Strona głównaWiadomościPolitykaBosak o swoim starcie do Parlamentu Europejskiego: Był taki plan, ale...

Bosak o swoim starcie do Parlamentu Europejskiego: Był taki plan, ale…

-

- Reklama -

Był plan, bym startował do Parlamentu Europejskiego, ale mam zaszczyt pełnienia funkcji wicemarszałka Sejmu i nie chciałbym tak, jak kiedyś Donald Tusk porzucić zaszczytnej i prestiżowej funkcji w Polsce, by dostać mniej prestiżową w UE – oświadczył Krzysztof Bosak z Konfederacji.

Bosak, goszcząc w Radio ZET, był pytany o doniesienia, że miałby startować w wyborach do PE.

- Reklama -

Był taki plan, ale to był plan poprzedniego szefa mojej partii i ten plan się zmienił – powiedział Bosak potwierdzając, że był to plan przedstawiony przez Roberta Winnickiego.
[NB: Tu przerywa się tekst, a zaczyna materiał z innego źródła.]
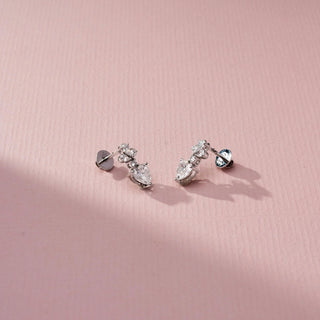 Angled view of heart-shaped diamond drop earrings with pear-shaped and round accent stones, highlighting the dimensional setting, post-back design, and sparkle on a soft pink surface.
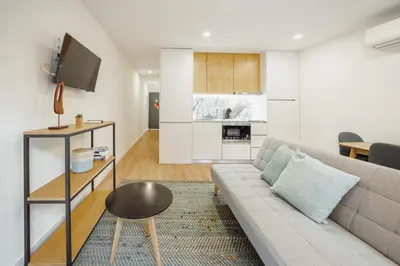 a living room with a couch and a table at Courtyard Oporto Design Apartments by Vacationy in Porto
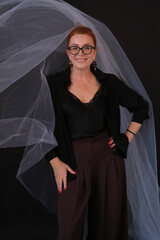 Portrait of a smiling woman. The woman is wearing a black blouse, holding glasses. The woman has red hair. The photo was taken in the studio. Fifty.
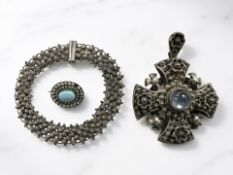 A cross pendant with filigree work and central cabochon, marked Jerusalem Silver 900 to reverse,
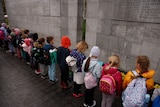 Children wearing backpacks bow their heads down at a war monument in Warsaw, Poland.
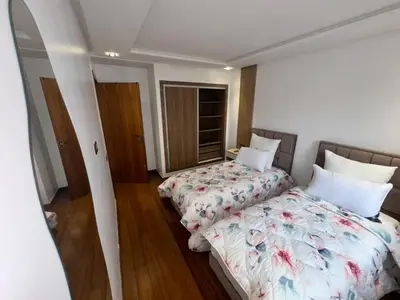 a bedroom with two beds and a window at RÉSIDENCE LE BIjOU DE L'AGDAL in Rabat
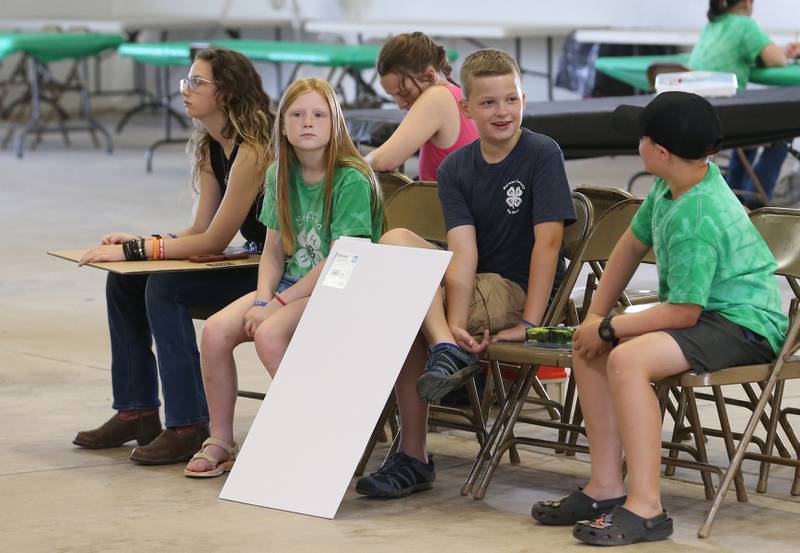 Kids wait to have their projects judged during the Bureau County 4-H Fair on Thursday, July 10, 2025 at the Bureau County Fairgrounds in Princeton.
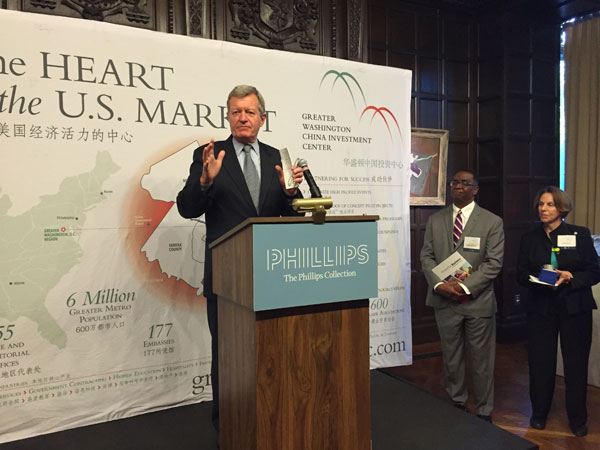 Max Baucus, U.S. Ambassador to China, makes a keynote speech as Jim Coleman, President and CEO of Prince George's County Economic Development Corporation; and Libby Garvey, chair of the Arlington County Board, look on at a GWCIC reception for the Chinese business delegation in Washington on Sunday. (Photo by Cai Chunying /China Daily) Max Baucus, U.S. Ambassador to China, makes a keynote speech as Jim Coleman, President and CEO of Prince George's County Economic Development Corporation; and Libby Garvey, chair of the Arlington County Board, look on at a GWCIC reception for the Chinese business delegation in Washington on Sunday. (Photo by Cai Chunying /China Daily)
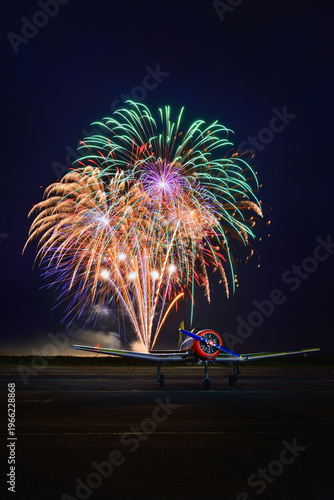 Photos WW2 warbird plane during a fireworks celebration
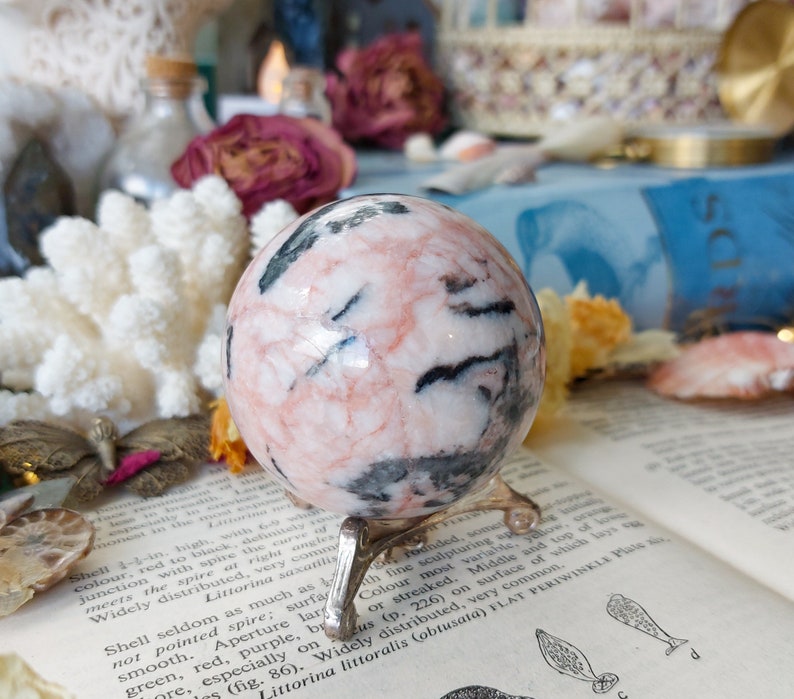 May include: A pink and black sphere of polished stone on a gold metal stand. The sphere has a swirling pattern of pink, white, and black.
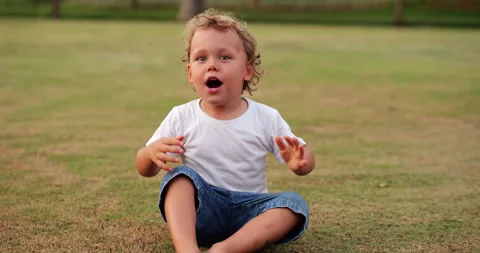 Toddler loudly sings, even shouting, sitting in park, portrait shot. Vídeos de archivo 283902834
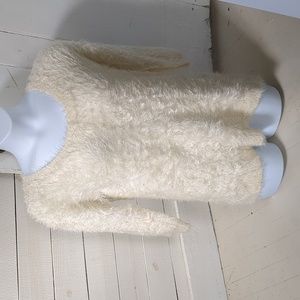 Soft and fuzzy cream colored 3/4 sleeve sweater
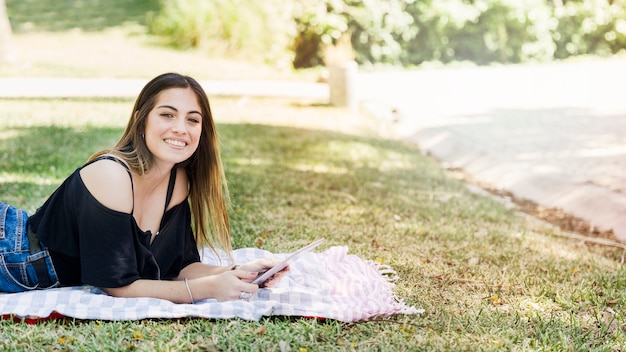 Foto gratuita mujer encantadora con tableta mirando a cámara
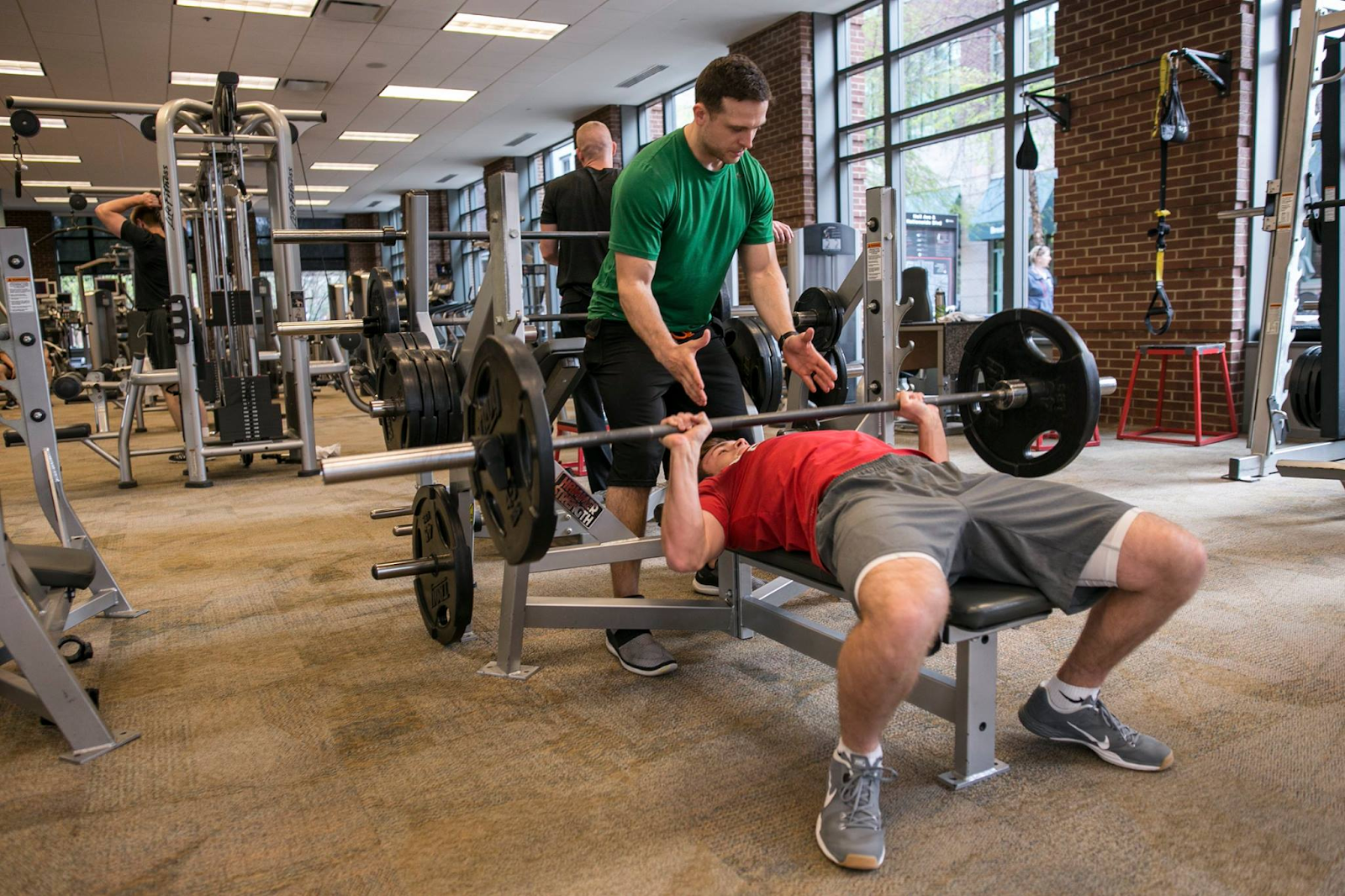 Man bench pressing with spotter at Arena Athletics,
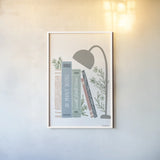 Bookish Blue I v2 by Becky Thorns. shown as a paper print in a white frame. Available as a archival giclee rolled canvas, fine art paper, or poster print. SKU 101554h.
Ja dostałem zaszczyt pełnienia funkcji wicemarszałka polskiego Sejmu i nie chciałbym zrobić tego samego, co zrobił Donald Tusk, tzn. porzucić zaszczytnej i prestiżowej funkcji w Polsce po to, żeby dostać mniej prestiżową w Unii Europejskiej – powiedział Bosak.

Polityk był też pytany o to, na uzyskanie ilu mandatów do PE liczy Konfederacja.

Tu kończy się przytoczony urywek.